Yesterday, I heard on the radio an Australian who was in town for the International Writers Workshop say, when the discussion turned to food, that she was surprised that portions were “the size of small buildings.”
Yes, that’s how we eat here in the Midwest America.
But in the last couple of weeks I’ve eaten at a two restaurants focusing on so-called “small plates” — dishes that only offer a half-dozen bites or so.
First was Share, a month-old place in the renovated Sheraton in downtown Iowa City. The other day was lunch at the reopened Zins in downtown Cedar Rapids. I wish there were more restaurants like them.

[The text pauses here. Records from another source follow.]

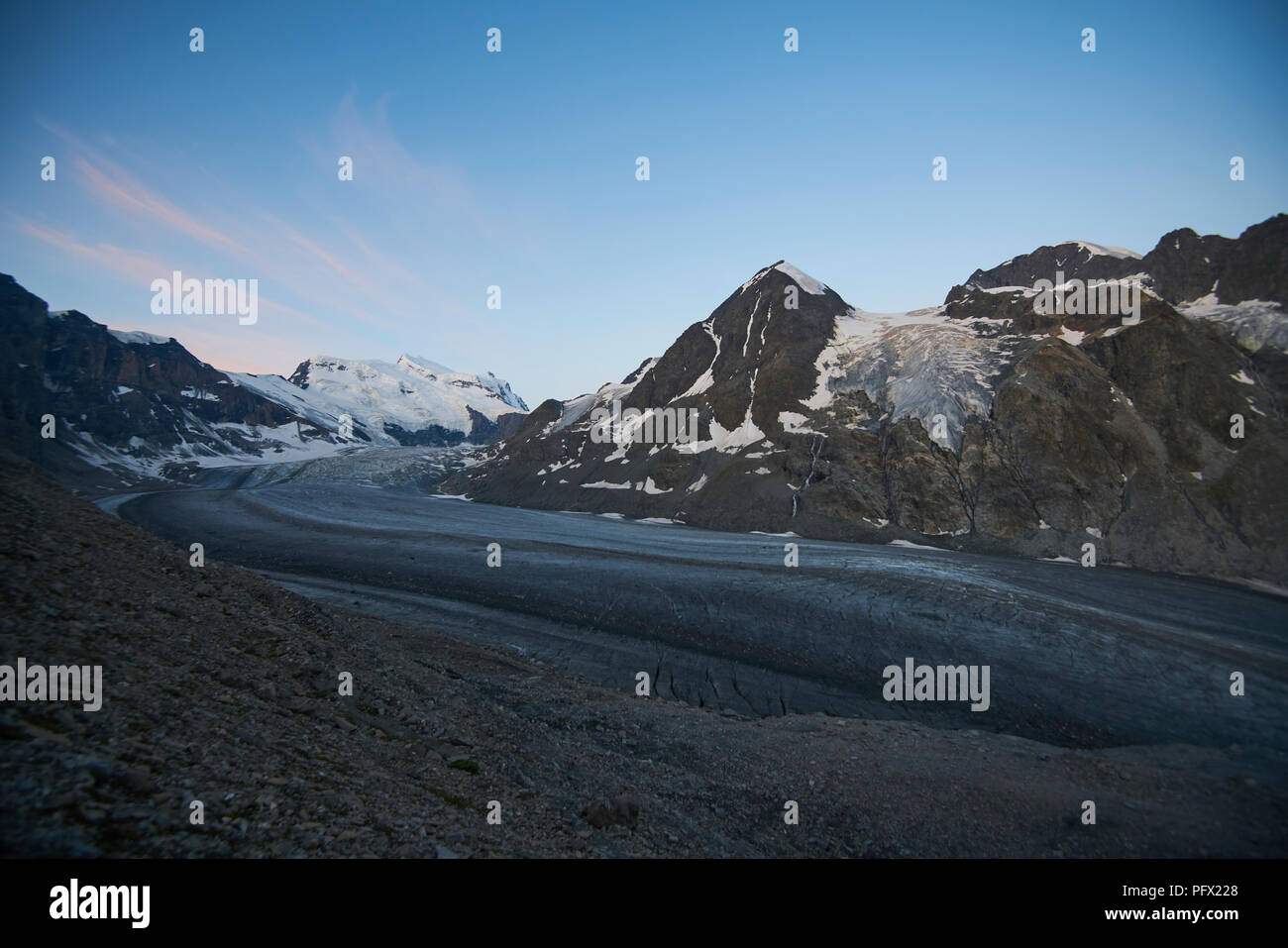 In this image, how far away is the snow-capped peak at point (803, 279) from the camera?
397 ft

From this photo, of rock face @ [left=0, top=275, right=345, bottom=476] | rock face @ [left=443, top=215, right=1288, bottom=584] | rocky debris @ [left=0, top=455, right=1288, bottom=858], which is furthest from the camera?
rock face @ [left=0, top=275, right=345, bottom=476]

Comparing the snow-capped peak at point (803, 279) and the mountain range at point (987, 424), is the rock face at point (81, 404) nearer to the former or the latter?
the mountain range at point (987, 424)

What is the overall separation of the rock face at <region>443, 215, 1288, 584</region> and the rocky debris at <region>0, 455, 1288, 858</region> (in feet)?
168

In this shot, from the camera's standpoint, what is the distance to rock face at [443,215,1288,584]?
5847 centimetres

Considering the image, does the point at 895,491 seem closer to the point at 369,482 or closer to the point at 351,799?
the point at 351,799

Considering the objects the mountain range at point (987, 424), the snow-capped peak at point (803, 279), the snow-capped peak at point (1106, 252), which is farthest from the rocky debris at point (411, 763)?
the snow-capped peak at point (1106, 252)

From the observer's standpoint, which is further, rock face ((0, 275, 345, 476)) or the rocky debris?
rock face ((0, 275, 345, 476))

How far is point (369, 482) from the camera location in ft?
488

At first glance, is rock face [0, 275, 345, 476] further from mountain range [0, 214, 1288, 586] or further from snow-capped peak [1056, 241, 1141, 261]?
snow-capped peak [1056, 241, 1141, 261]

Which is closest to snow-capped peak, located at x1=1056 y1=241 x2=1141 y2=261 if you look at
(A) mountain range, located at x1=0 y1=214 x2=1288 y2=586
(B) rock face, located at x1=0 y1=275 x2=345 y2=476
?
(A) mountain range, located at x1=0 y1=214 x2=1288 y2=586

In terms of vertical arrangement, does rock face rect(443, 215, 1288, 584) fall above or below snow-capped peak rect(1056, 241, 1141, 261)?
below

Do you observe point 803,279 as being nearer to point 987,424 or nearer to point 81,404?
point 987,424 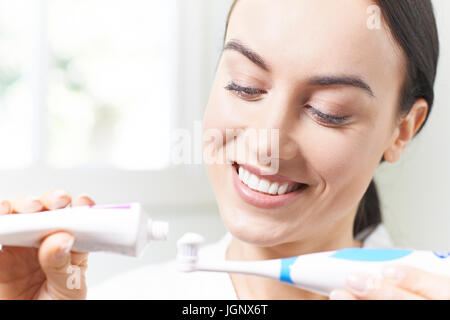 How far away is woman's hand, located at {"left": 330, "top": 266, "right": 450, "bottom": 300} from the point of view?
0.52m

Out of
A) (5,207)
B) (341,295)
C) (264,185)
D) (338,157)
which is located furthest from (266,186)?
(5,207)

Share goes for hip and laid back. Small wine list but offers bottles, glasses and demi glasses (basically a smaller, cheaper pour). Food is decent, and prices are reasonable. It hasn’t had its grand opening yet, so there weren’t a lot of people there when I reviewed the place for Corridor Buzz (under a stunningly dull headline) which was nice.
Zins goes for a little more elegance: white tablecloths and nice china. It reopened exactly one year after it closed from the flooding of Cedar Rapids. (They’ve done a nice, subtle job of memorializing the flood with a blue line and date at the water’s high point in the entry way, and a framed mud-stained tablecloth with batik-like white showing through where glasses, plates and silverware had been.)
Lunch at Zins is a steal (two plates and a drink for $8), and dessert is decent (I tried “bacon & eggs,” which they describe as “vanilla panna cotta with peach puree, chocolate covered bacon with smoked sea salt, espresso caramel sauce” and sounds more interesting than it was).
Oddly, I more comfortable sharing small plates than I am entrees, though entrees could probably benefit more from the treatment since plodding through an entree is pretty boring after a few bites.
That’s why I found it odd when our waitress at Zins seemed surprised that we would order small plates and then, you know, share.